Vers 10 : le nom l’a combattu : personnifié (il a des caractéristique humaines), R accord un réel pouvoir au nom. Il use d'un vocabulaire de la guerre « combattu » « armes ». // Dualité Amour – Guerre du recueil.

Vers 6 et 10 : similitude entre les deuxièmes hémistiches « lequel rend amoureux » « lequel m’a combattu », rythme le poème et rappelle ce renversement de l’anagramme, ainsi que la complémentarité amour et guerre récurrente dans le recueil.

Vers 11 : Ce combat a eu une double ascendance sur Ronsard : sur son esprit et son corps.

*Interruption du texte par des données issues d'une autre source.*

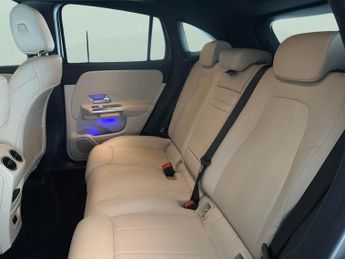 Mercedes-Benz EQA EQA 250 66.5kWh Sport (190 ps) - ADAPTIVE LIGHTS - HEATED LEATHE
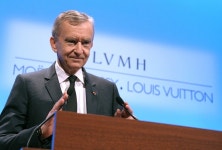 베르나르아르노행당 | 세계 패션계 최고의 부자, LVMH 베르나르 아르노 회장 1위 등극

Cela accroit la puissance du nom, et l’usage double du « et » donne un rythme binaire, rappelant l’effet de l’anagramme.

Son nom l’a rendu amoureux, l’a séduit, étant un homme de bien, il a été pris dans le filet d’Hélène.

 

b)      anagramme

Vers 2 : «  ton œil est le filet et le Ré bienheureux » Motif de l’œil, récurant dans le recueil, ici par une métaphore l’œil devient le « rets ». Le Ré est un filet de chasse, un piège. Dans la littérature « le filet ou la dame prend l’amant ». C’est le filet dans lequel Ronsard s’est fait capturer. On retrouve ici le symbolisme de R.

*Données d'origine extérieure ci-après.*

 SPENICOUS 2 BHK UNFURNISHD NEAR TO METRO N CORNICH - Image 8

Vers 13 : Ronsard arrive à la conclusion de son argumentation : le nom d’H, autant qu’elle, séduit, et vers suivant (avec lequel ce vers forme un enjambement) l’anagramme vient appuyer son argumentation.

 « Voila comme de nom, d’effet tu est aussi/ le ré des généreus : elène de surgère ». Anagramme. Ancienne orthographe conservée, Hélène sans H. Elle séduit les hommes bons. C’est inhérent à son nom, incontestable

 

Ronsard dresse donc un portrait élogieux d’Hélène de S, en exaltant sa vertu et sa puissance. Ses dires sont accompagnés d’une argumentation rigoureuse, qu’il rend irréfutable par une anagramme.

La femme aimée est peint comme un être de perfection, Ronsard ne cherche pas à donner un reflet fidèle d’Hélène de Surgères, le domaine du poète étant – selon la distinction aristotélicienne bien connue – non pas celui de la vérité mais celui du vraisemblable, il crée au delà de cette figure particulière, une véritable galerie féminine. Il manie admirablement bien ce langage que lui et ses contemporains cherchent à renouveler, il exprime ainsi , outre le pouvoir de sa dame, le pouvoir du poète, de jouer avec les mots, de créer.